> **About this task**
From the records below, copy out exactly the lines from the one containing "Máy Giặt Sấy" to the one containing "BMW i3 2014", both included. Add nothing else.

> **Excerpted records**
= Beginning of Section =

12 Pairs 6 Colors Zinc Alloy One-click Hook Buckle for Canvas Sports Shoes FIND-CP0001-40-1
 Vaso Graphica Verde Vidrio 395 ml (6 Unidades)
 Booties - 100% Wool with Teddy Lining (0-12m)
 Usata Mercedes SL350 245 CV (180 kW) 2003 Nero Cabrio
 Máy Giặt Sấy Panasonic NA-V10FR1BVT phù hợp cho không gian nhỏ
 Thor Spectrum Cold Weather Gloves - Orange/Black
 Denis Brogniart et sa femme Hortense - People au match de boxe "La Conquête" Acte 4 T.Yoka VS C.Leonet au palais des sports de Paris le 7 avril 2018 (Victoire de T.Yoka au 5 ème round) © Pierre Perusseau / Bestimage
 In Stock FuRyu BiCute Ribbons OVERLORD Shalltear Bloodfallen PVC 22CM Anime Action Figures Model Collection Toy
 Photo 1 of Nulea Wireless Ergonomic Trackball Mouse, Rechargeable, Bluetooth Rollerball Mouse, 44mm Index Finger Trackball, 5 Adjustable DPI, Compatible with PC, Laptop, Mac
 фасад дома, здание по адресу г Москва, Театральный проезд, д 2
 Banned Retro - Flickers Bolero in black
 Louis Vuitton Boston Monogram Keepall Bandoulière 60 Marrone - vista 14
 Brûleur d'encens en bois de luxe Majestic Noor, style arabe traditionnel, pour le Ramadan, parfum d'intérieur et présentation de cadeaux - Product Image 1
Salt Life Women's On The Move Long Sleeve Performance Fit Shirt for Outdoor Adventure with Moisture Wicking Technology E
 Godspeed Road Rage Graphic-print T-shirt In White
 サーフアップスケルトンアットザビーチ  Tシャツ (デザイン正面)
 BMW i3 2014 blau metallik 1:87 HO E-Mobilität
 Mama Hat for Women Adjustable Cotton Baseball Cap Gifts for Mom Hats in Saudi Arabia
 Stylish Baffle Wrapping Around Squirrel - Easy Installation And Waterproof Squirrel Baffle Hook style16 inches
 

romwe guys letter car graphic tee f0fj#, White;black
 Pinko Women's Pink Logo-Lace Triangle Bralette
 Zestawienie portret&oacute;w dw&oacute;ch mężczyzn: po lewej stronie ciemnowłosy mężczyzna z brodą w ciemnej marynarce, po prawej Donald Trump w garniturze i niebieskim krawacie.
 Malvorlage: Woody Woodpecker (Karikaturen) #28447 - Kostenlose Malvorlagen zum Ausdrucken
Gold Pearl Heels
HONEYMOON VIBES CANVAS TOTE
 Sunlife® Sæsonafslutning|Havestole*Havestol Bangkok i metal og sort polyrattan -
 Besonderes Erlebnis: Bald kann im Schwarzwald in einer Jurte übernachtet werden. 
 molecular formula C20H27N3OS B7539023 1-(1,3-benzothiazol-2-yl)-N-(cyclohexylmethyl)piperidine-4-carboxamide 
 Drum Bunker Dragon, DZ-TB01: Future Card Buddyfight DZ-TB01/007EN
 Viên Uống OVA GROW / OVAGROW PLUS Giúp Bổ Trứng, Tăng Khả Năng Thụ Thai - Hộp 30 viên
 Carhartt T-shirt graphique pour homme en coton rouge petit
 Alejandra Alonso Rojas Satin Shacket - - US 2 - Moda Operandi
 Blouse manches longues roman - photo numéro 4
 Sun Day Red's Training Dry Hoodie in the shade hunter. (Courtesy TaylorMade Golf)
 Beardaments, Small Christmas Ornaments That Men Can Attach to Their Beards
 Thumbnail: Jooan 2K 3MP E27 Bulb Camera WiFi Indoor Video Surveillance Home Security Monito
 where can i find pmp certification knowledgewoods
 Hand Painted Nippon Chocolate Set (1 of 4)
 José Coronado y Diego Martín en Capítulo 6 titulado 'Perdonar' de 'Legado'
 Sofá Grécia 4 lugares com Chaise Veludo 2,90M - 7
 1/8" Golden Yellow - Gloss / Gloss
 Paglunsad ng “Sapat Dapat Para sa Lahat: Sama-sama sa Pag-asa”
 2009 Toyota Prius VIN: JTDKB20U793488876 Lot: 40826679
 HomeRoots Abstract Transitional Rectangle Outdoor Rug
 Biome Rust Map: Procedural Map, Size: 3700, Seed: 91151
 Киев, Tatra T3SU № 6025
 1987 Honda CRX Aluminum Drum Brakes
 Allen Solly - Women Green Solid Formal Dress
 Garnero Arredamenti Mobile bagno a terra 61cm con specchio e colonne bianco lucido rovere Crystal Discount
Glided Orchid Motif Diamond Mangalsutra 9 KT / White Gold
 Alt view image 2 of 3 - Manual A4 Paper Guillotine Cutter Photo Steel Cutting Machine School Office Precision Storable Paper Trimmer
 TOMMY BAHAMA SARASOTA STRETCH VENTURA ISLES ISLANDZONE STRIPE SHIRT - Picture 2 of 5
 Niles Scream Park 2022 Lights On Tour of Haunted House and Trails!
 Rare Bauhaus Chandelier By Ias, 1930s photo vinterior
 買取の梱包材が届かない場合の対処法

= End of Section =

> **Task answer**
 Máy Giặt Sấy Panasonic NA-V10FR1BVT phù hợp cho không gian nhỏ
 Thor Spectrum Cold Weather Gloves - Orange/Black
 Denis Brogniart et sa femme Hortense - People au match de boxe "La Conquête" Acte 4 T.Yoka VS C.Leonet au palais des sports de Paris le 7 avril 2018 (Victoire de T.Yoka au 5 ème round) © Pierre Perusseau / Bestimage
 In Stock FuRyu BiCute Ribbons OVERLORD Shalltear Bloodfallen PVC 22CM Anime Action Figures Model Collection Toy
 Photo 1 of Nulea Wireless Ergonomic Trackball Mouse, Rechargeable, Bluetooth Rollerball Mouse, 44mm Index Finger Trackball, 5 Adjustable DPI, Compatible with PC, Laptop, Mac
 фасад дома, здание по адресу г Москва, Театральный проезд, д 2
 Banned Retro - Flickers Bolero in black
 Louis Vuitton Boston Monogram Keepall Bandoulière 60 Marrone - vista 14
 Brûleur d'encens en bois de luxe Majestic Noor, style arabe traditionnel, pour le Ramadan, parfum d'intérieur et présentation de cadeaux - Product Image 1
Salt Life Women's On The Move Long Sleeve Performance Fit Shirt for Outdoor Adventure with Moisture Wicking Technology E
 Godspeed Road Rage Graphic-print T-shirt In White
 サーフアップスケルトンアットザビーチ  Tシャツ (デザイン正面)
 BMW i3 2014 blau metallik 1:87 HO E-Mobilität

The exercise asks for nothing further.